A direita, como sugere Mariana Vieira da Silva, é adepta da primeira
formulação; a esquerda defende a segunda, podendo ainda argumentar,
em ambientes mata-frades, que o conceito judaico-cristã de culpa não
tem aplicação em matérias económicas.
Claro está que isto
é como nas discussões entre casais — a avaliação da culpa é
matéria altamente subjectiva e dificilmente aferível. A culpa, como
dirá qualquer conselheiro matrimonial, é sempre dos dois. Mas mesmo
colocando de lado questões morais e teológicas, que nos instigam a
ver a trave no nosso olho antes de procurar o argueiro no olho dos
outros (está no evangelho de Mateus: “Hipócrita, tira primeiro a
trave do teu olho e então verás para tirar o argueiro do olho do
teu irmão”), a assunção da culpa individual, tendo em conta o
momento político que atravessamos, é bastante mais útil e
mobilizadora do que atribuir a nossa triste condição à senhora
Merkel e às políticas neoliberais.
É verdade que nós
podemos sempre entreter-nos com a bonita actividade do passa-culpas,
recuando ano após ano, década após década, século após século,
milénio após milénio, até chegarmos a Adão e Eva e descobrirmos
que o IVA na restauração só subiu para 23% por causa da serpente e
da maçã, já que antes comia-se à borla no Paraíso. Mas não
querendo desvalorizar o carácter catártico de tal empreendimento e
o conforto psicológico que ele confere, a sua utilidade prática é
muito duvidosa. Basta olhar para a Grécia.
***
Ao fim de seis meses
de negociações parece que a Europa está agora, felizmente, à
beira de um acordo. Ou então, não — à hora a que escrevo é
impossível saber. Mas há uma coisa que já se sabe: aquilo que está
em cima da mesa como rascunho de acordo é um brutal aumento de
impostos. Se é uma austeridade que não corta directamente nos
salários e nas pensões, é uma austeridade que esmifra pobres e
ricos através do IVA e trava a fundo a economia através de um
enorme aumento do IRC. Quando se olha para o acordo proposto pelos
gregos, a grande pergunta é: mas, afinal, tudo isto serviu para quê?

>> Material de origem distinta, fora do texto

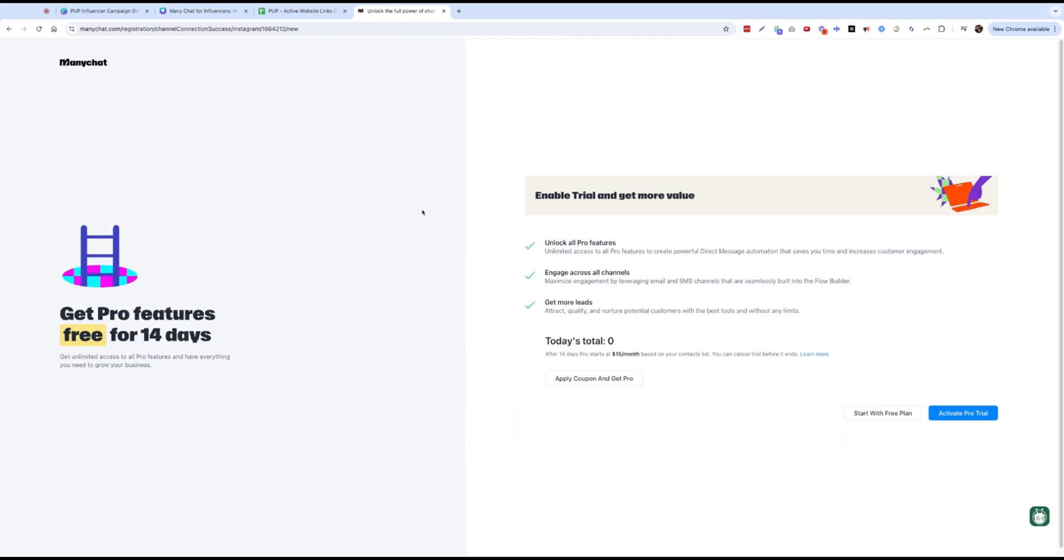Now we've got enable trial and get more value. So we can apply a coupon if we had one. And just as a note, this is a 14-day trial. The pro starts at $15 a month based on your contact list and you can cancel. So start with the free plan or activate pro trial. I'm going to just start with the free plan for now.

A Grécia andou seis meses a lutar e a definhar pelo quê? Por uma
rotação de austeridades? As medidas propostas têm um impacto de
oito mil milhões de euros em dois anos, sendo mais de dois terços
obtidos pelo lado da receita, num país péssimo a cobrar impostos.
Ou seja: tem tudo para correr mal. Só que de nada serve dizer que a
culpa é dos outros — hoje, como sempre, os países falidos estão
nas mãos dos credores. Faz falta uma campanha europeia de prevenção
deficitária: troque-se o “Se conduzir, não beba” por “Se quer
mandar, não deva”, e pode ser que a ideia entre finalmente na
cabeça dos gregos — e de muitos portugueses.